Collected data
╔══

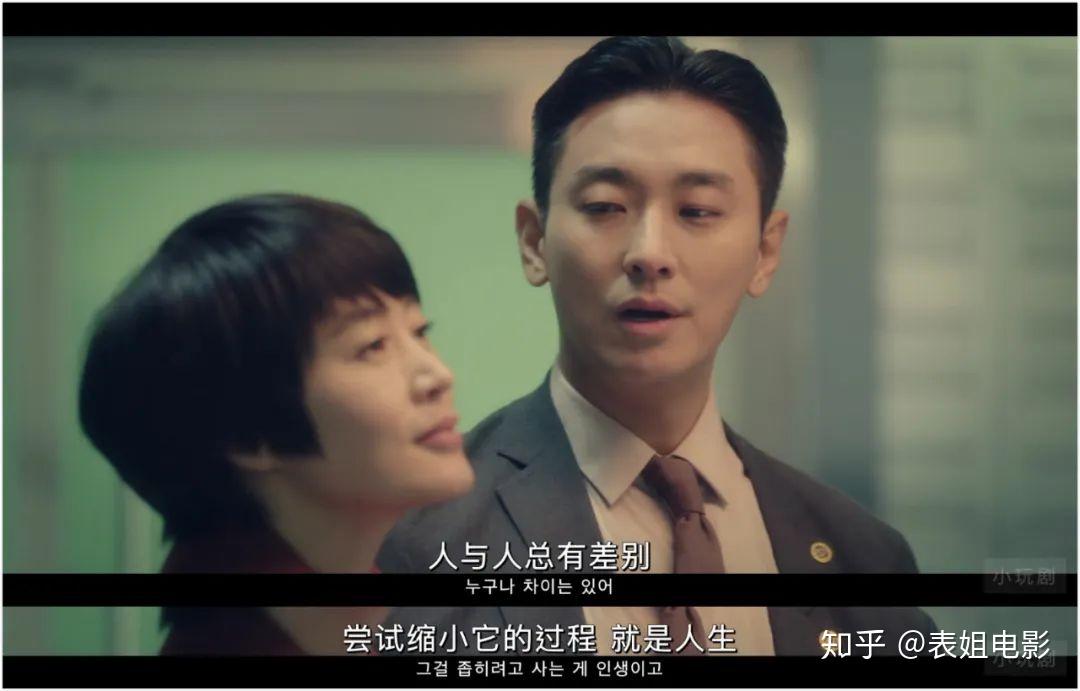 如何评价韩剧hyena富豪辩护人鬣狗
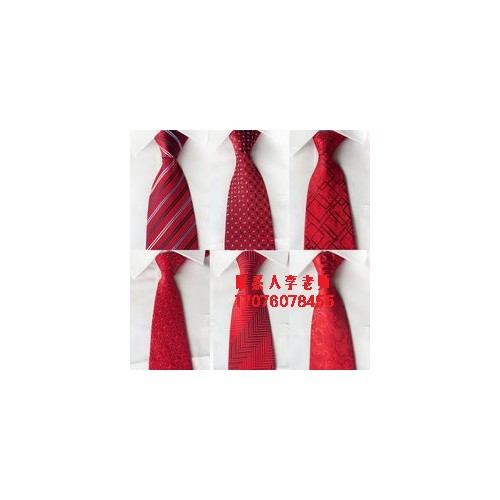 韓作云男士休閑領(lǐng)帶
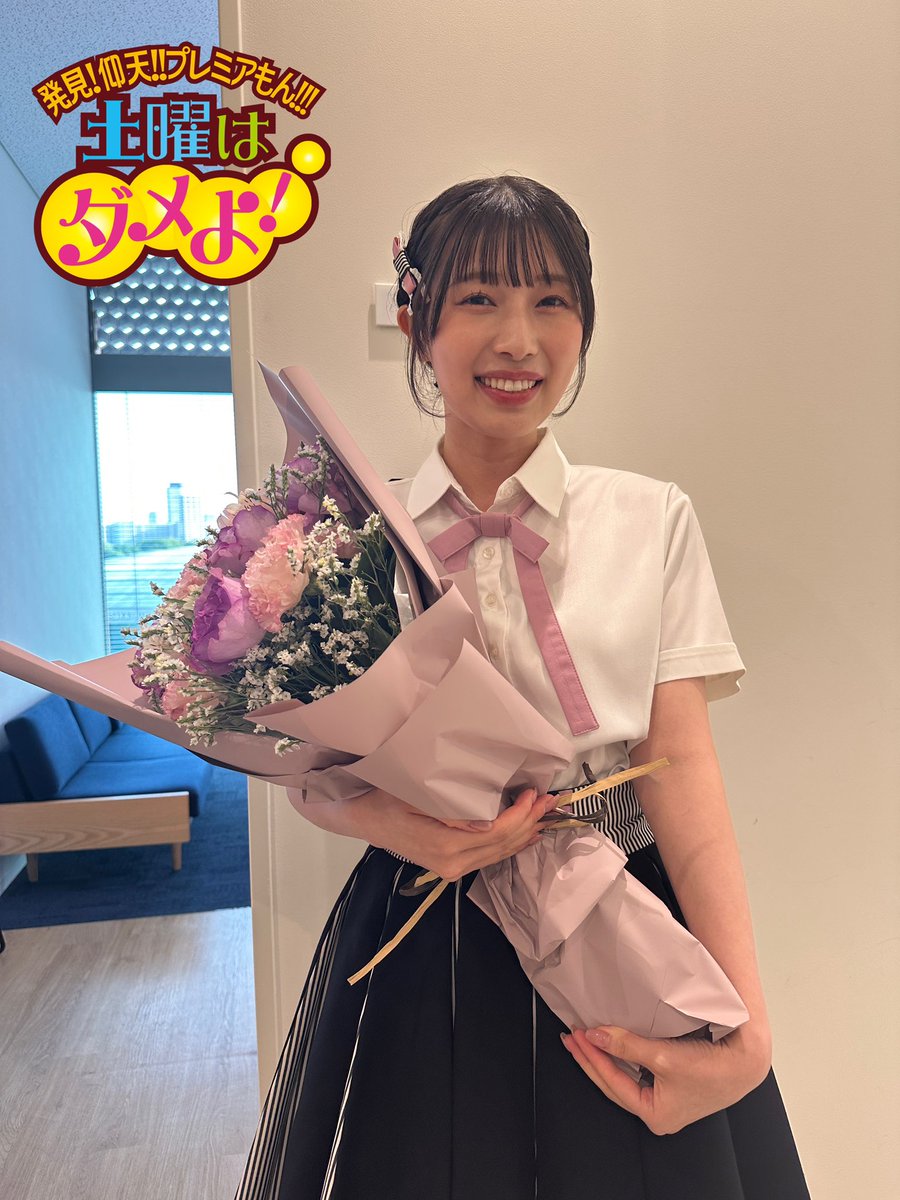 dodame10's tweet photo. NMB48安部若菜さん☺️
ご卒業おめでとうございます💐

卒業しても“わかぽん” は、ずっとずっと土ダメファミリー😄
“若菜のわかるチャー”はわかぽんのコーナーです🫡

土ダメインスタにこれまでのわかぽん写真を投稿しているのでぜひご覧ください📸

#安部若菜
#土ダメ https://t.co/BGIXzu1gSP
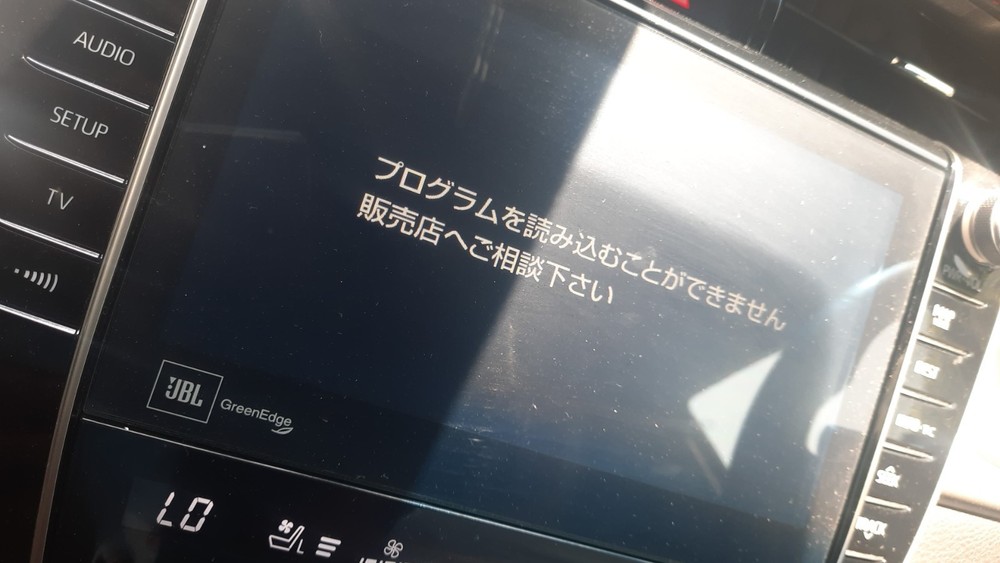 Toyota Harrier JBL MAP SD Downloadable 510306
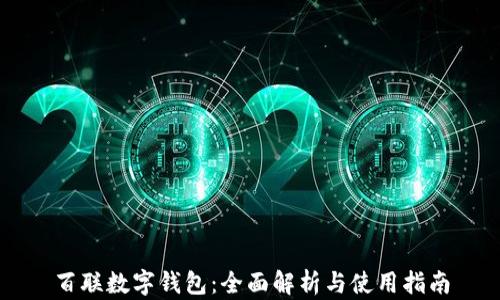 
百联数字钱包：全面解析与使用指南
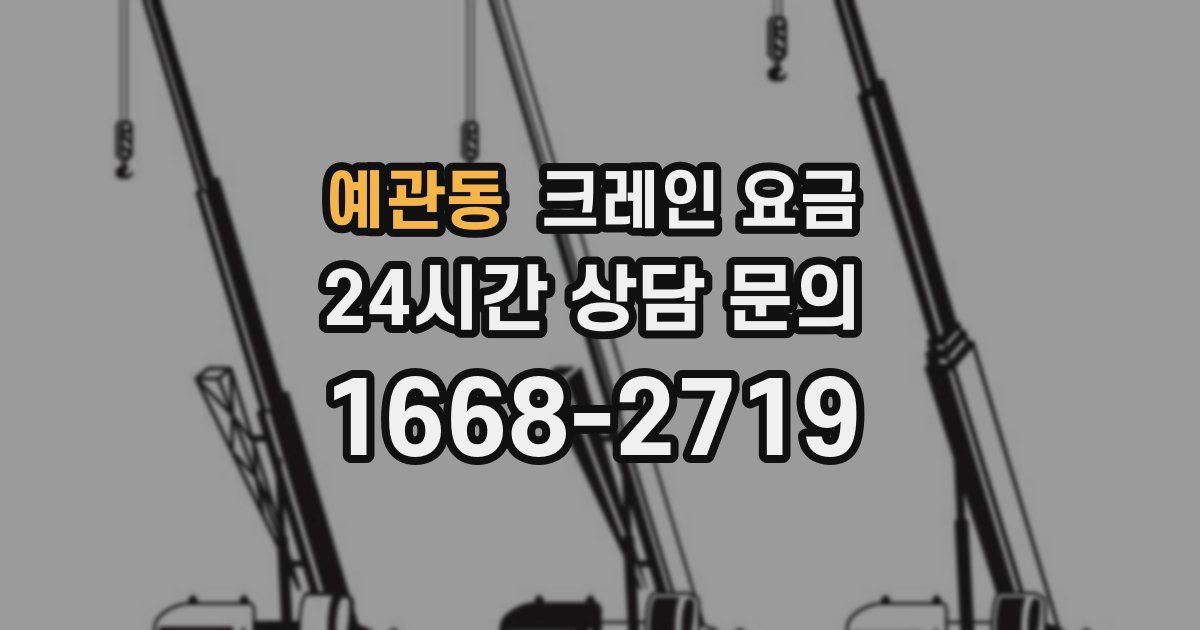 예관동 크레인 요금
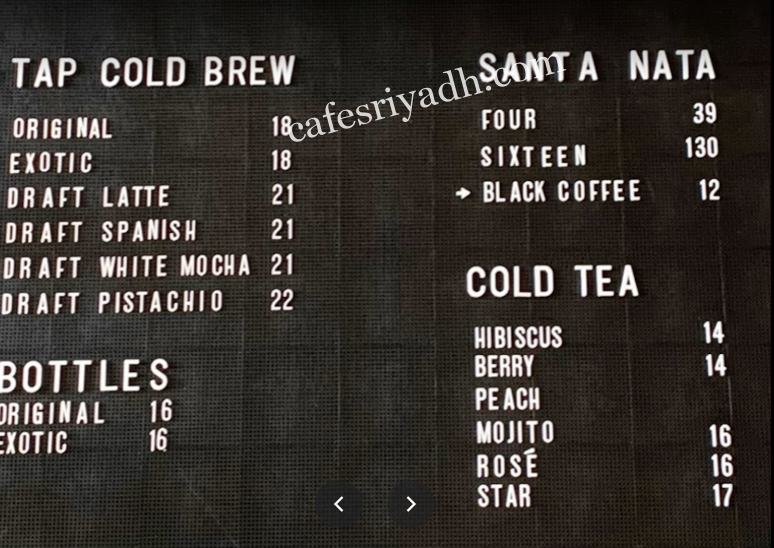 منيو كافيه Tap Cold Brew Co بالرياض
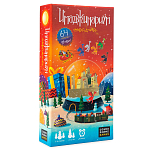 Имаджинариум Новый Год Сумчатый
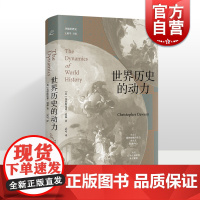 世界历史的动力 共域世界史克里斯托弗道森作品比肩西方的没落汤因比历史研究上海书店出版社世界通史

╚══

WORK REQUIRED: Return nothing except the lines from the one containing "韓作云男士休閑領(lǐng)帶" through the final line of the data, copied exactly. Leave out all pictures.

ANSWER TO THE EXERCISE:
 韓作云男士休閑領(lǐng)帶
 dodame10's tweet photo. NMB48安部若菜さん☺️
ご卒業おめでとうございます💐

卒業しても“わかぽん” は、ずっとずっと土ダメファミリー😄
“若菜のわかるチャー”はわかぽんのコーナーです🫡

土ダメインスタにこれまでのわかぽん写真を投稿しているのでぜひご覧ください📸

#安部若菜
#土ダメ https://t.co/BGIXzu1gSP
 Toyota Harrier JBL MAP SD Downloadable 510306
百联数字钱包：全面解析与使用指南
 예관동 크레인 요금
 منيو كافيه Tap Cold Brew Co بالرياض
 Имаджинариум Новый Год Сумчатый
 世界历史的动力 共域世界史克里斯托弗道森作品比肩西方的没落汤因比历史研究上海书店出版社世界通史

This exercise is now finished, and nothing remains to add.